Although small points still are being ironed out, sources said U.S. Ambassador Harry G. Barnes Jr. received authority over the weekend to sign the memorandum detailing steps the Indian government will take to prevent the diversion to the Soviet bloc of the U.S. high technology products it buys that have potential military application. Indian officials here said the agreement has not yet received full approval from their government, though the signing is expected today or Wednesday.
The agreement has been given a high priority by the government of Indian Prime Minister Rajiv Gandhi, a former airline pilot who is so fascinated by new technology that one of his nicknames is "Computerji." ["Ji" is an honorific often added to names in India.]
Indian efforts to gain easier access to American high technology were begun by his mother, Prime Minister Indira Gandhi, who was assassinated on Oct. 30, and received a major push by India's new ambassador in Washington, K. Shankar Bajpai.
These moves on the part of New Delhi coincided with President Reagan's decision last month to try to improve relations. As one of the first steps, the president authorized new talks designed to break the logjam over sales of high technology to India.
India had been seeking ways to get off a Reagan administration blacklist of countries that were considered likely to allow the diversion of high technology to the Soviet bloc because of their lack of controls. Being on the list subjected India to special controls that made it harder to gain access to the powerful comuters and other high technology products it wanted to help develop its industrial base.
India was upset by its inclusion on that list, arguing there was no evidence that U.S. high technology had been shipped through India, while other countries -- including Austria, Sweden, Norway and South Africa -- had been implicated as way stations in the movement of powerful U.S. computers to the Soviet Union and its Eastern European allies.
The issue of selling India high technology was complicated more by its lack of controls over the possible resale of the computers to Eastern-bloc nations than by its close military-supply relationship with the Soviet Union, sources said.
A further complication, though, came from American laws that limit sales of technology that could be used in India's nuclear program because of its refusal to sign the nuclear nonproliferation treaty or to allow international inspection of all its atomic facilities.

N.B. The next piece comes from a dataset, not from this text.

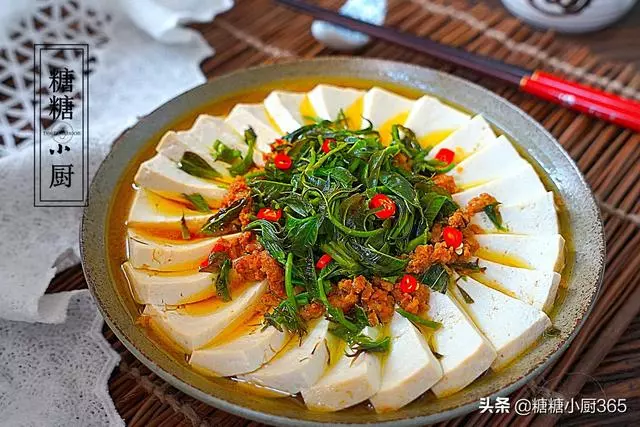 香椿和豆腐,不涼拌不用炒,這麼蒸一蒸,好看又美味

Administration sources said that the Defense Department initially opposed the high technology agreement, but relented after the Indians agreed that some physical inspection of their high technology facilities would not violate their national sovereignty.

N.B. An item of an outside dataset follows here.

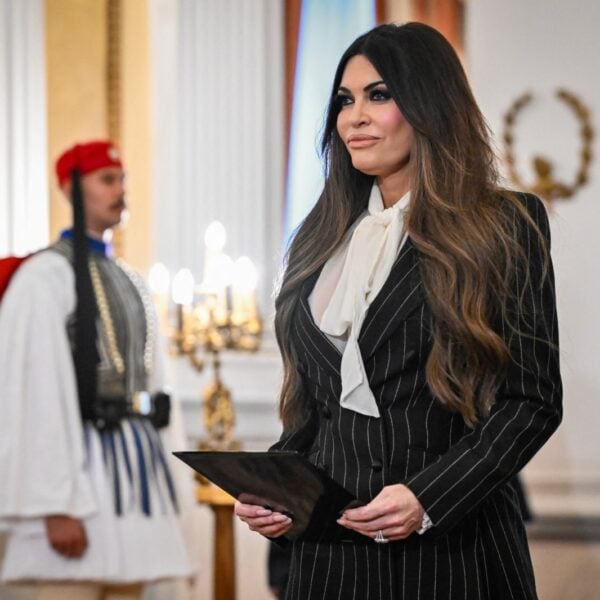 Kimberly Guilfoyle, US ambassador to Greece, stands beside a Greek Presidential Guard soldier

Some administration officials expressed concern over whether India will be able to implement the controls it has agreed to, but others argued that any diversion of sensitive technology would cloud India's chances to make further purchases.
India, furthermore, showed that it could get from other countries technology similar to what it wants from the United States. India was able to buy two high-speed computers from Norway for its nuclear program after it was denied access to U.S. products, the magazine India Today reported.